ようやく顔を上げた火浦は、今度は秋津の目を真っ直ぐに見据えて言葉を継いだ。
「あの女の死体、あれは一体どういうことなんだ」
みるみるうちに、秋津の顔から血の気が失せていく。
「見て、しまわれたのですね、私が何をしたか」
「お前が何をしたかを見た訳じゃねぇ。俺が見たのは、その結果としての女の死体だけだ」
火浦の声が震えている。哀しげな表情を浮べて秋津は、まるで血を吐くような、うめき声のようにも聞える声でつぶやいた。
「同じです。他の誰に知られようとも、あなたにだけは、あのような浅ましい姿気づかれたくなかった」
ゆらぁりと立上がり、火浦の前に片膝をつく。思わず身が逃げに掛る火浦の目をひたと見詰めながら、頬に手を差し伸べ、哀しげにささやきかける。
「思い出して下さい、火浦さん。いえ、火浦の君。
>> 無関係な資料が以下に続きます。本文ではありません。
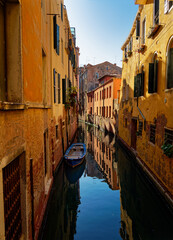 Fototapeta na wymiar Narrow street in Venezia historical town with canal and boat, blue water and old yellow buildings in Italy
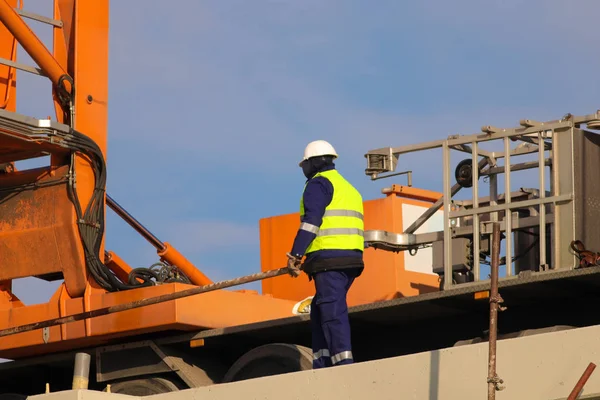Trabajador en grúa amarilla y naranja en el sitio de construcción — Foto de Stock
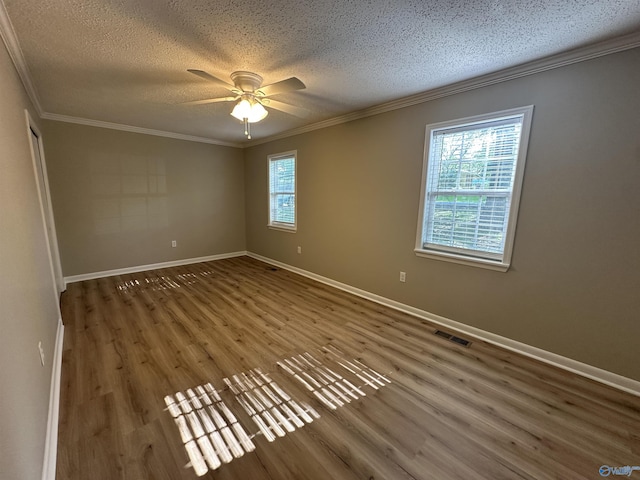 empty room with wood finished floors, ceiling fan, visible vents, a textured ceiling, and crown molding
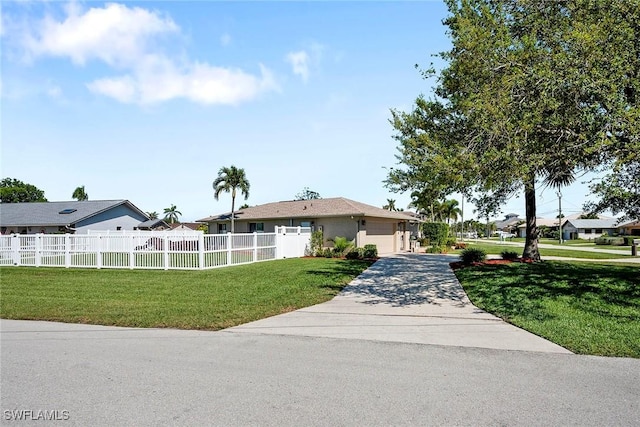 single story home featuring a fenced front yard, driveway, a garage, and a front yard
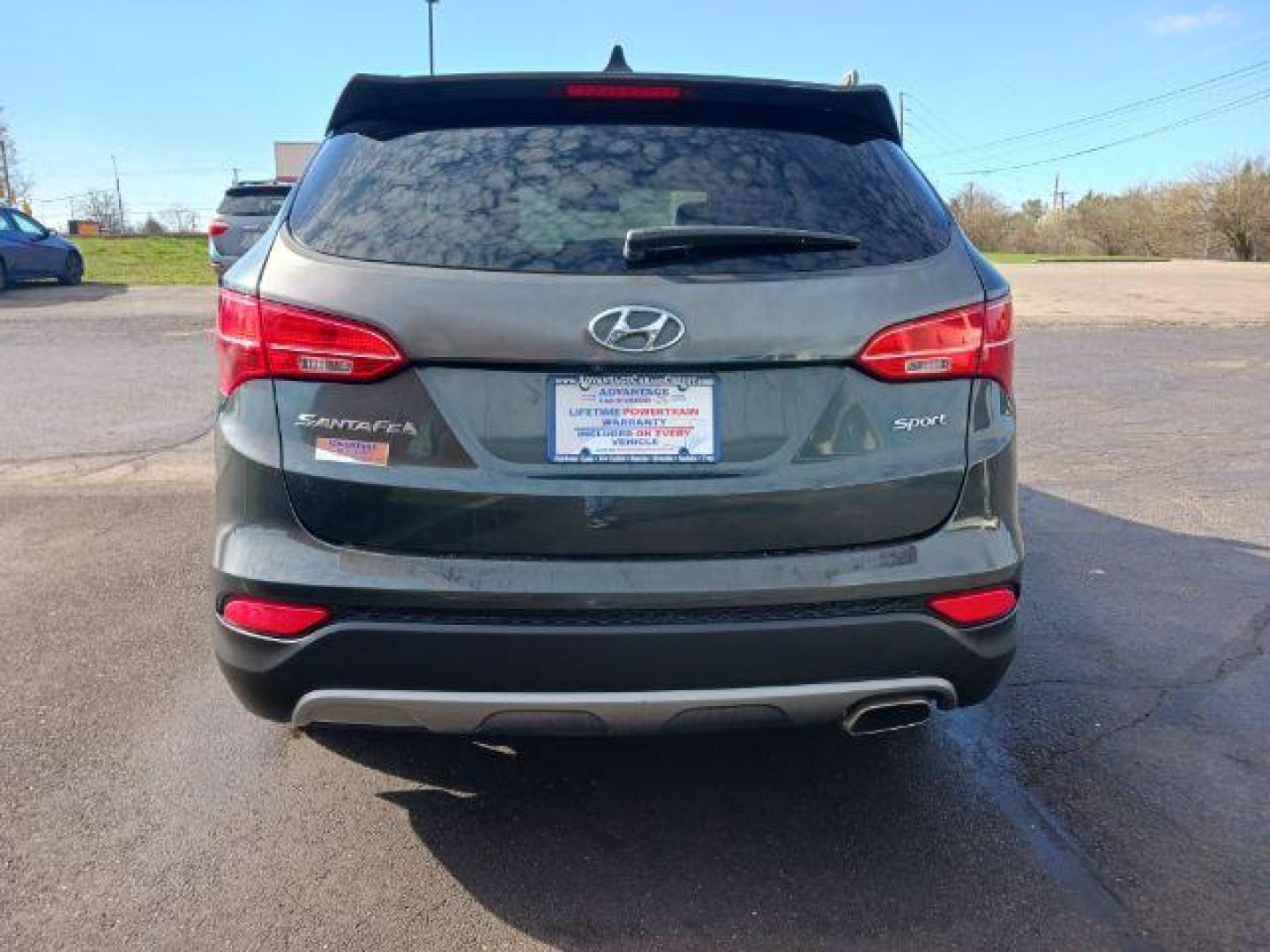 2013 Hyundai Santa Fe Sport 2.4 FWD (5XYZU3LB8DG) with an 2.4L L4 DOHC 16V engine, 6-Speed Automatic transmission, located at 1951 S Dayton Lakeview Rd., New Carlisle, OH, 45344, (937) 908-9800, 39.890999, -84.050255 - 2013 Hyundai Santa Fe Sport 2.4 FWD - Photo#5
世のそしりを受けようとも、共にあろうと誓ったあの日の事を。あれから千歳を経ようかという今もなお、私は貴方の話された言葉の一つ、聞かせて下さった笛の一音に至るまで覚えているというのに、貴方はすべてを忘れてしまったというのですか。あれほど、幾度生れ代ろうとも、共にあろうとお誓いしましたのに」
その狂おしいまでの眼差しに、火浦はついっと視線をそらしてしまった。うつむいたまま、ポツリとつぶやく。
「・・・尊少将、なのかお前は」
「思い出してくださったのですね」
その言葉を聞いた途端、顔一杯に喜色を浮べ、秋津と呼ばれていた男は火浦の事を、両の腕でヒシと抱き寄せた。首筋に顔を埋め、声を震わせて『やっと思い出してくださったのですね』と繰り返す。
だがなぜか、火浦の声には困惑があった。
「忘れてた訳じゃ無い。ただ、まさかお前が生きているかもしれないなんて、夢にも考えてなかったから。お前と会っても、それがお前かもしれないなんて、考えて見もしなかったんだ」
「良いのです、もう。貴方は私が誰か思い出してくださった。それだけで十分です。貴方を失ったあの日から、いつの日にか必ず、再びこの世に生れ出でられた貴方とお会い出来る日が来ると思って、ひたすらに待ち続けていたのですから」
うっとりとした表情で、愛しい人の頬を指先でたどる。が、なぜか火浦は、視線を外してうつむいてしまった。
「死んだ、わけじゃねぇ」
「えっ?」
「確かにあの時俺は、お前を婿にしたがった右大将家の連中に、邪魔者は消せとばかりに追われて崖から川に落ちたがな、斬りかかられて怪我こそしたものの、それ自体は、さして命に別状があるような物じゃ無かった」
「じゃぁ、なぜ」
問いかける秋津の声は、震えている。
「川に流されていく間に頭打ってな、それが元で、記憶喪失って奴になっちまったんだ。少しずつ思い出して、ようやく記憶が全部戻って来た頃には、えらい時間が経っちまってて、あの頃の平均寿命からして、お前がまだ生きてる可能性は決して高くなかったし、だいたい、20何年間も行方不明だった人間がひょっこり姿を現しても、迷惑だろうと思ってなぁ」
「ちょ、ちょっと待ってください。貴方、貴方まさか、貴方が生れ代ってくるのをひたすら待っていた私をよそに、貴方もまたずっとそのまま生きていたとかおっしゃるんじゃないでしょうね!?」
悲鳴に近い秋津の声に、火浦はすまなそうにうなずいた。
「じゃお聞きしますけど、私は貴方を失ったと思えばこそ、人ならぬ身となって、こうやって今日まで生きてました。ではあなたは、どうして生きてらっしゃるのですか。まさか、私と出会う以前から、ずっと生きてらしたとか・・・」
ばつが悪そうに顔を上げようとしない火浦の様子から、それが真実だと見て取った秋津は、愕然とした。
「あなた、一体おいくつなんですか」
震え声の問いかけに、言いにくそうに返事が返る。
「最低限、お前よりかは年上だ」
その言葉にすべてを察して秋津は、呆然とつぶやいた。
「詐欺だ」
「悪かったとは思ってる」
「私は、後生までも貴方と共にと思っていたのに」
「すまなかった」
「で、本当のお年はお幾つなんですか」
秋津の語調は、既にかなりの険を帯びている。